Here’s where I think it all caught up to me. The stress and avoidance and overwhelm combined into an excuse to delay, which was extended by circumstance after circumstance. I wanted more data, and to learn new phylogenetic methods that might make the existing data more interesting, or maybe a spatial model would help…and so it went. The Boechera virus project landed on my long list of critical tasks, along with my thesis chapters, postdoc applications and then postdoc papers, grant applications, and so on. You know this story. Many of us have experienced this, and most of you seem better than I am at handling everything at the same time. I admit that I feel embarrassed by the long tail on this project that other people have contributed to, but which I have failed to tie off into a timely product.
And, recently, I have realized that I also feel squirmy when I think about the experiences I had surrounding this work.

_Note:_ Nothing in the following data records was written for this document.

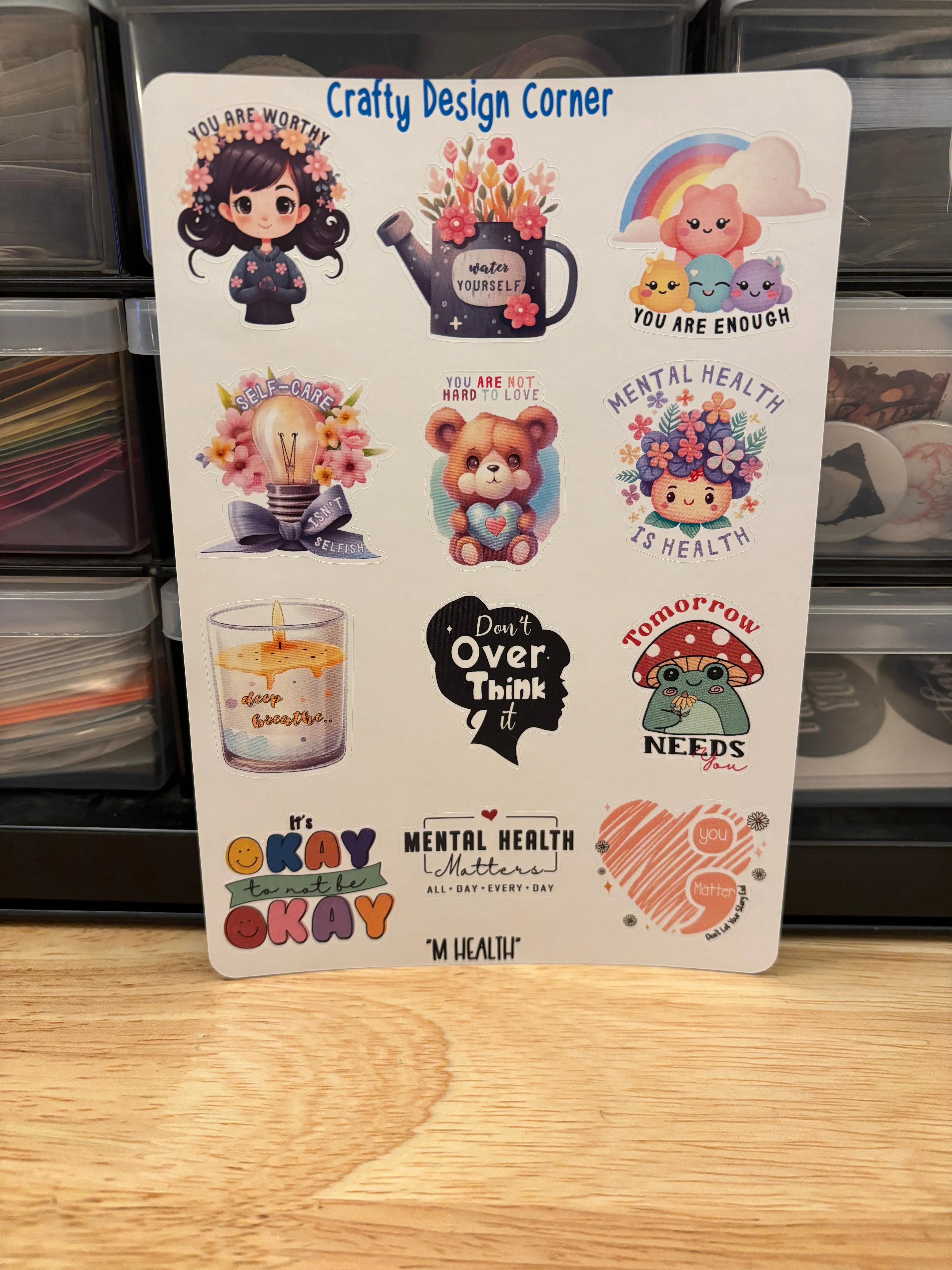 Mental Health sticker sheet 2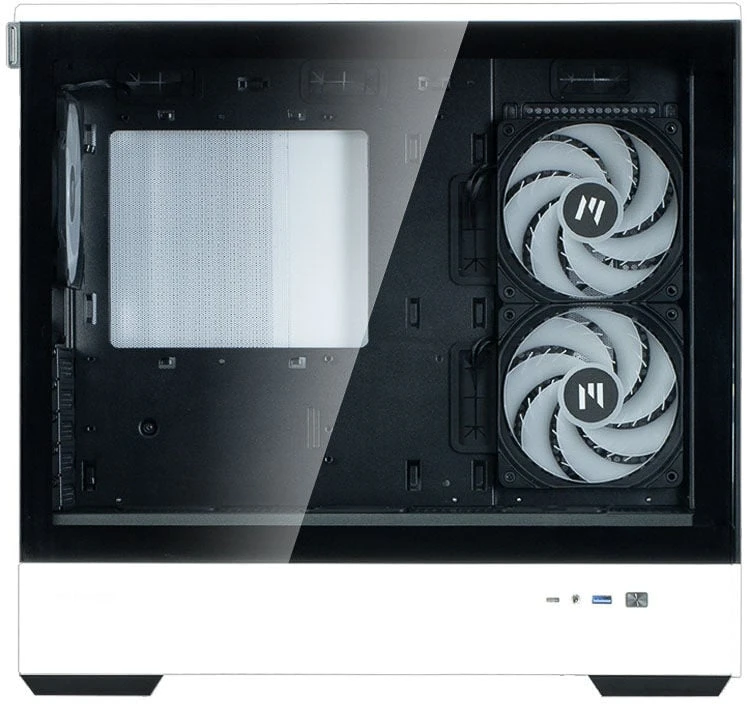 Zalman P30 PC-case, Mini-Tower, mATX, Tempered Glass - juodas baltas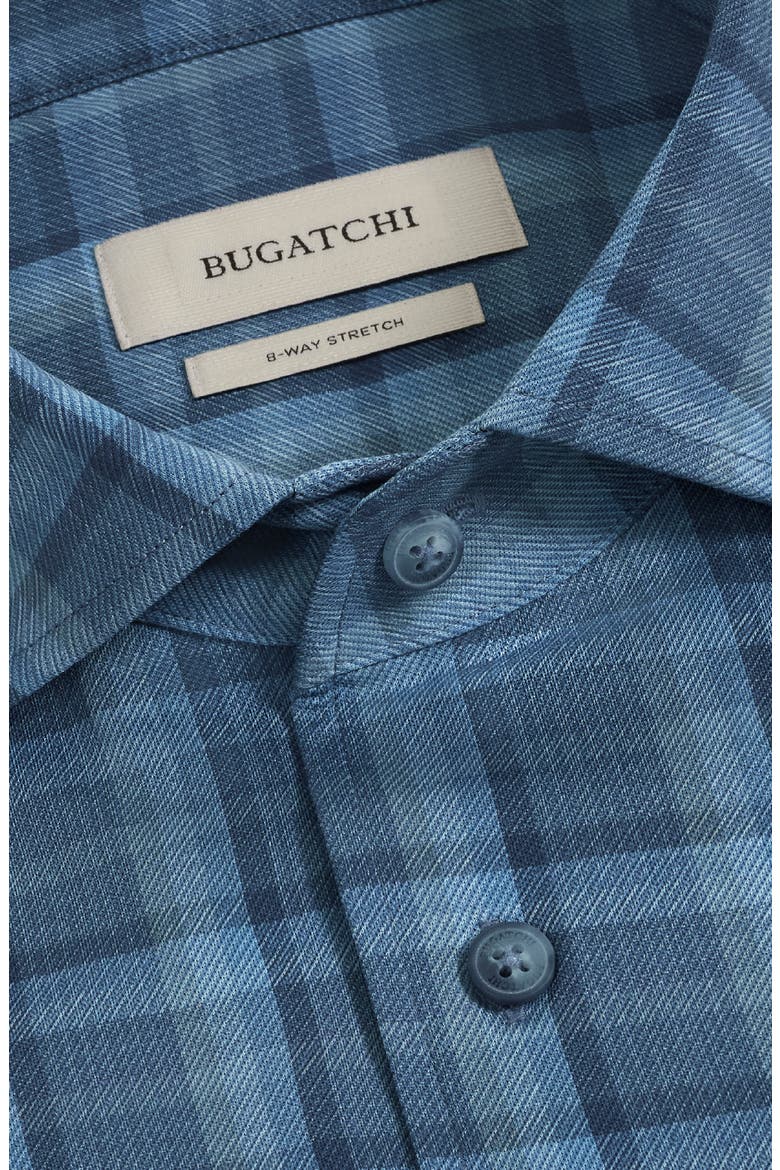 Devon OoohCotton® Plaid Button-Up Shirt, Alternate, color, SLATE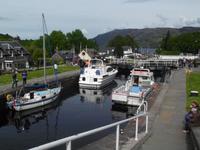 Die Schleusentreppe in Fort Augustus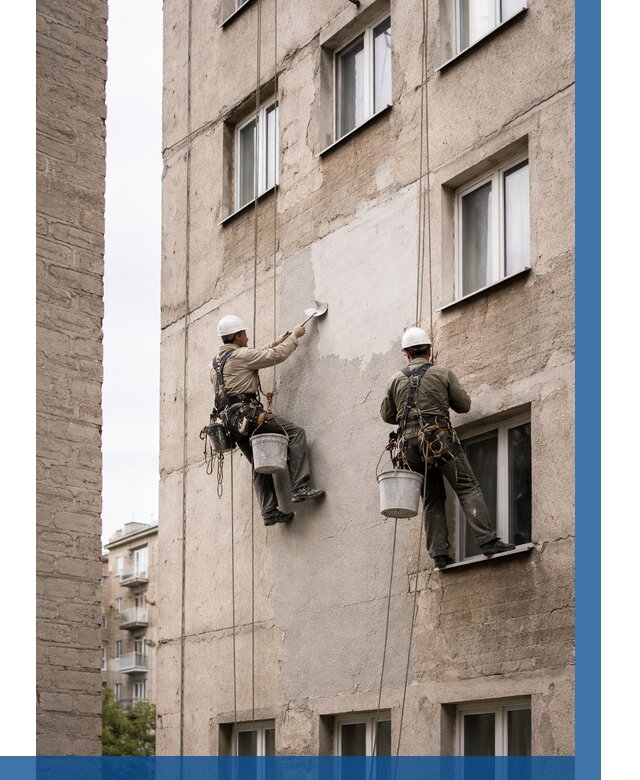 Косметический ремонт фасада в Нижневартовске от 1140 р. | ВЫСОТНИК-Нжт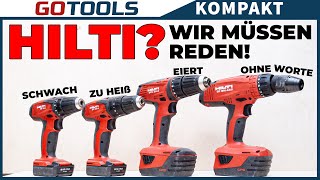 💡 Schwach wackelt und fällt ab Ich schaue mit Euch nochmal auf die Tests der Hilti Akkuschrauber [upl. by Itch]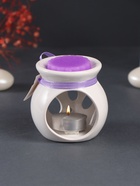 Набор: аромалампа для эфирных масел, мелтс из воска ароматический «Лаванда», сиреневая, 6.5×6.2×7.5 см - Фото 4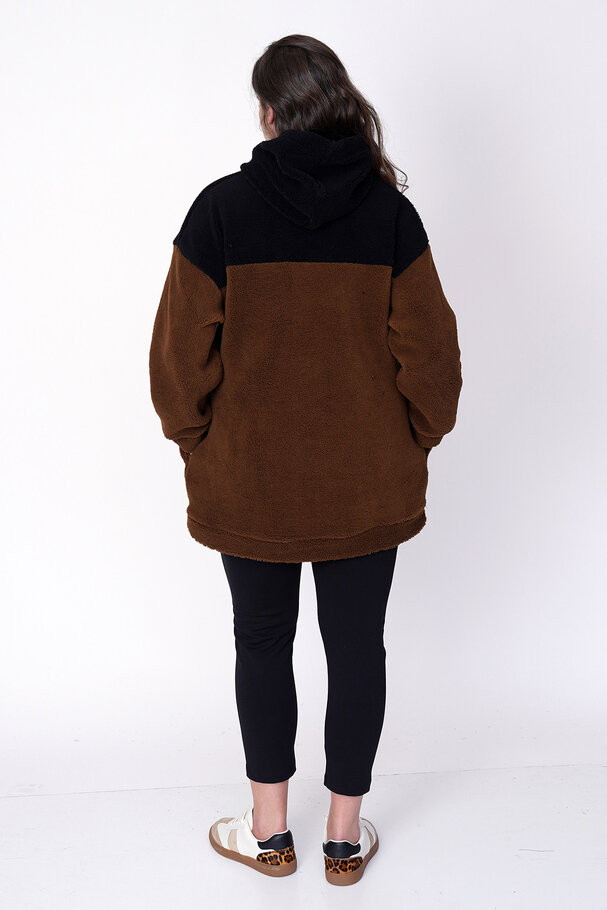 BLOK RENKLİ PELUŞ SWEATSHIRT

Science is a practice which is not meant to be personal or emotional. Typically I’m pumped about that because it makes things simpler. Obviously that’s not how the science I’ve described here went down, and I think I’ve been struggling with the fallout from the pandemic without acknowledging it. Now, the scientific (and broader) community is reeling again, but for very different reasons. This time, I want to defy the adversarial winds by being unflappable, and getting my work done. Perhaps the nature of the threat makes me feel stubborn rather than patient, or perhaps because my future in academic research is less certain than ever and I feel renewed urgency to finish projects. Either way, I’m starting with this research that has haunted and encouraged me because I genuinely care that the world sees it. I want to release unto the communities eyeballs my results, in all their dubious glory and with clear implications about climate change and virus epidemiology.
It’s coming, but in the meantime, I hope you’ve enjoyed this slice of humble pie that’s been baking for a few years, but is maybe still too raw? If you found anything in my post relatable, that’s great and I hope it brings a little levity or camaraderie to the existential shame of having too much to do. If not, that’s also great. Regardless, I think most people who read these posts are early career biologists, and I’m a general fan of that crew. We’re doing great, or at least okay, y’all. Keep it up.